- _Records provided_:

....

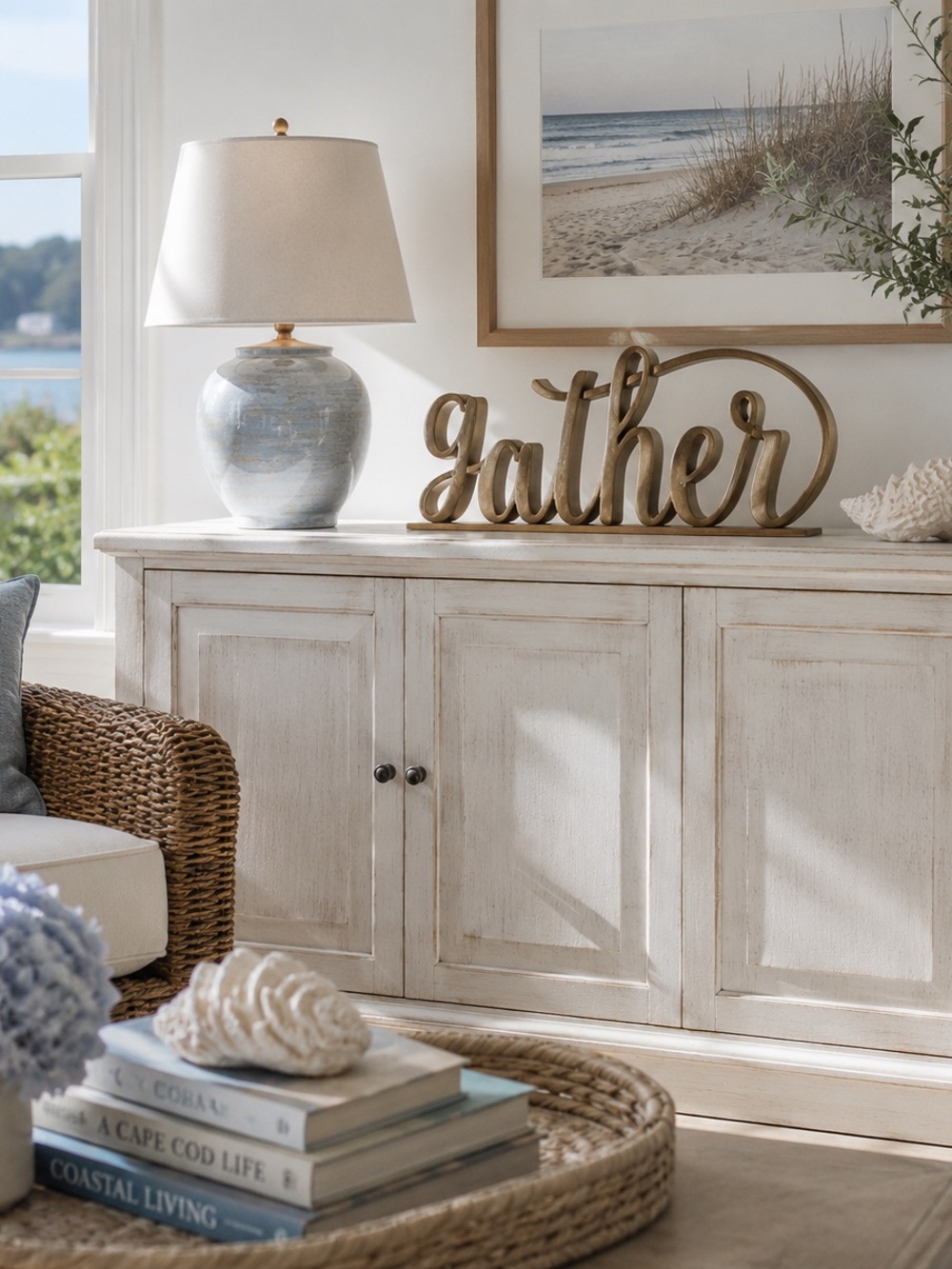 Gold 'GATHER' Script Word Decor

....

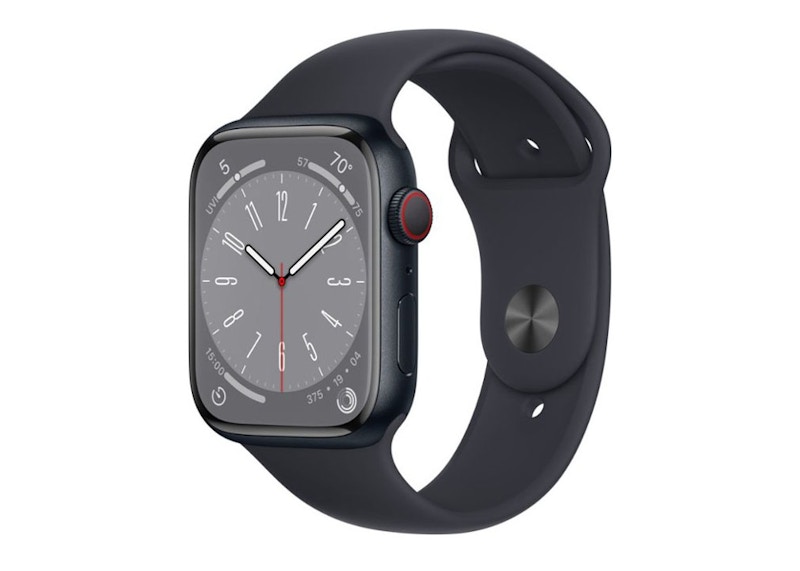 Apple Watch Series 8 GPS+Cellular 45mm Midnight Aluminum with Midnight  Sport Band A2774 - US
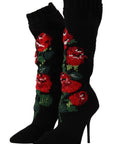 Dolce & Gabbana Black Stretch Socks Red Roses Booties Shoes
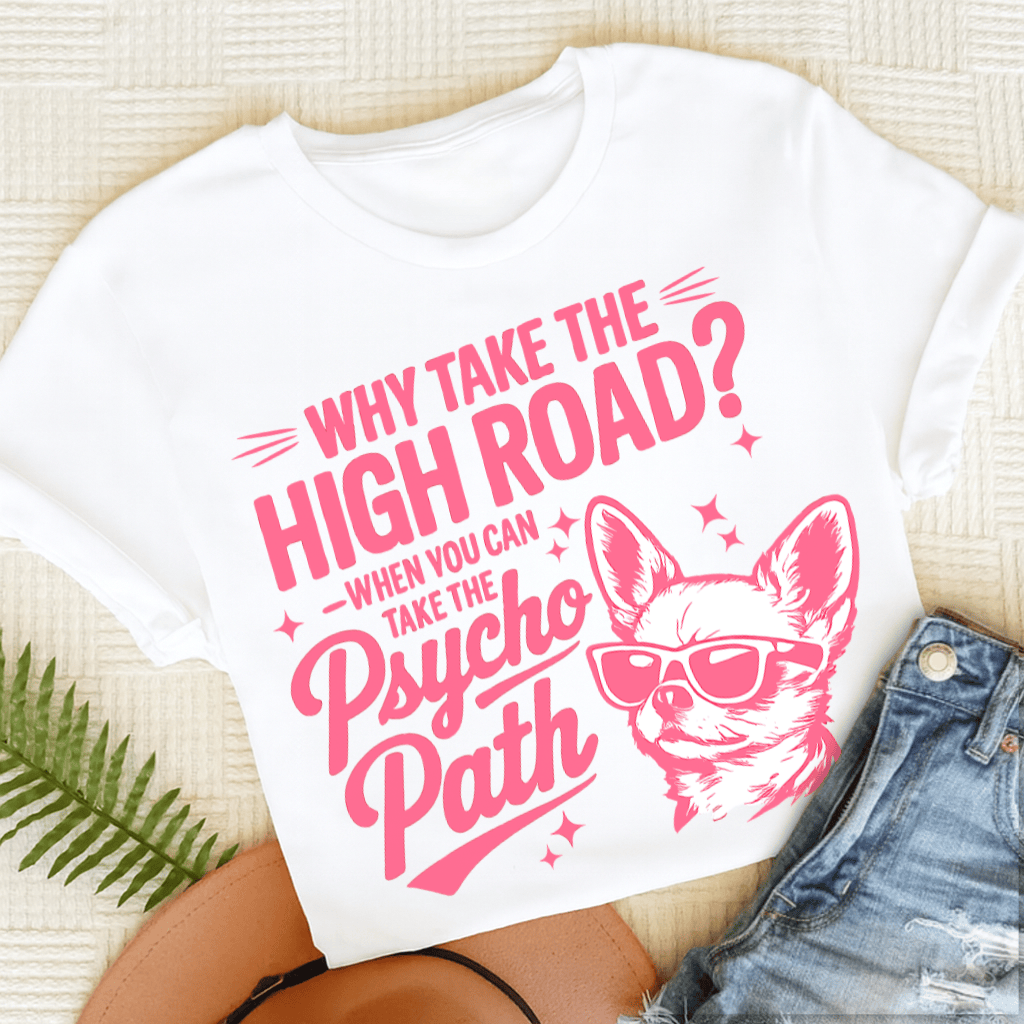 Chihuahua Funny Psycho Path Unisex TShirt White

....

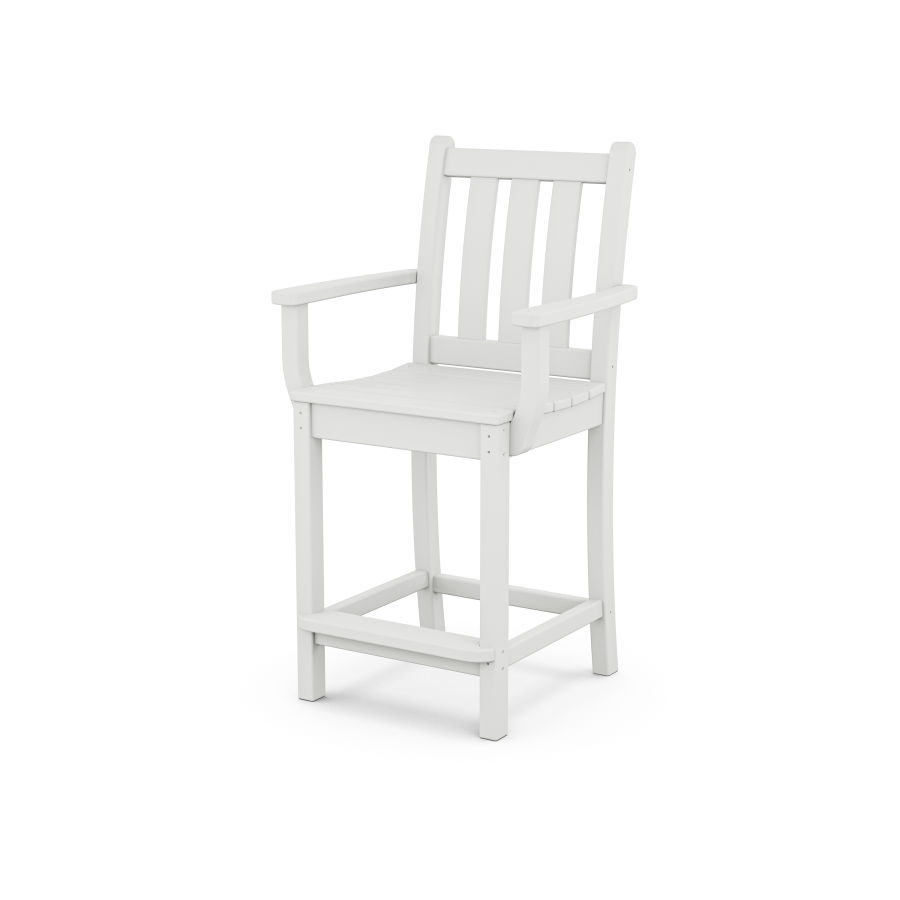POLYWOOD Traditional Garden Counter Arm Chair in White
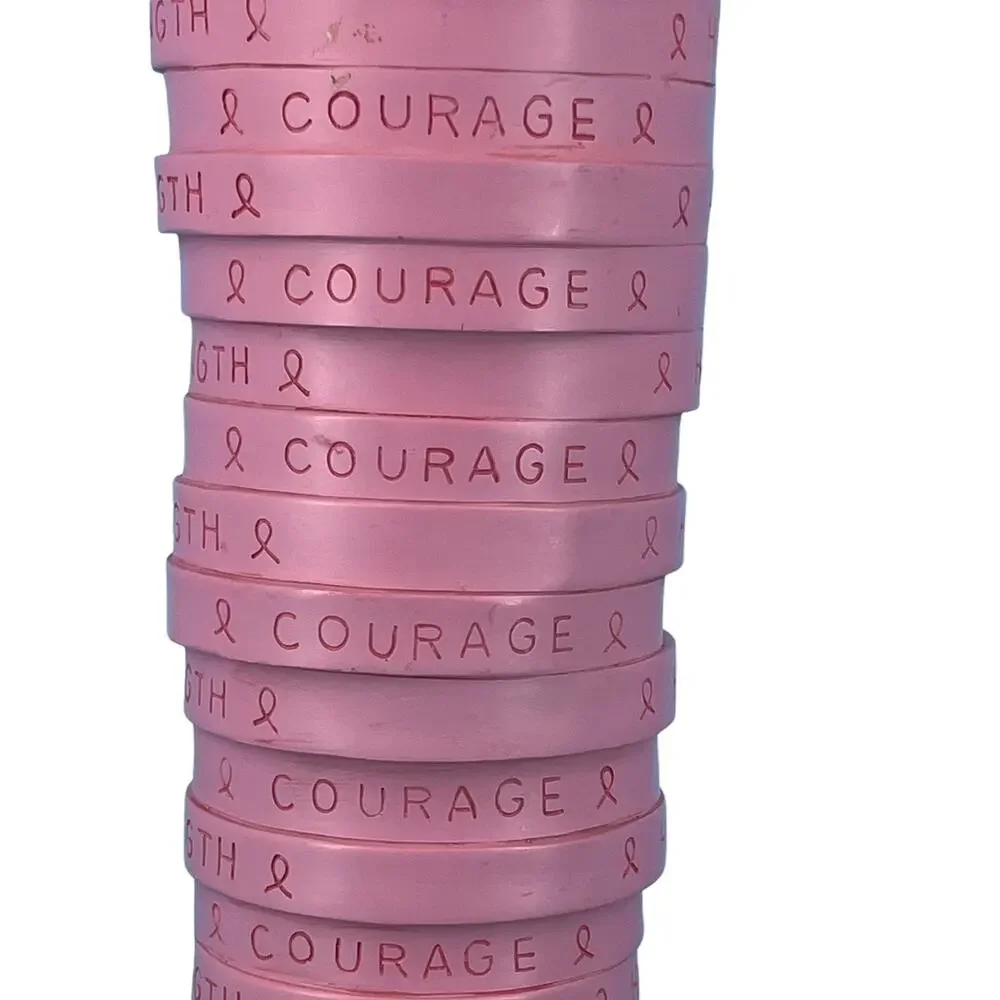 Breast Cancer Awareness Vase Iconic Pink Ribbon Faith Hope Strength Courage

....

- _Problem to solve_: Which part of the entries opens with the line containing "POLYWOOD Traditional Garden" and closes with the line containing "Breast Cancer Awareness"? Output that part exactly, ends included, pictures excluded.

- _Solution to the exercise_:
POLYWOOD Traditional Garden Counter Arm Chair in White
 Breast Cancer Awareness Vase Iconic Pink Ribbon Faith Hope Strength Courage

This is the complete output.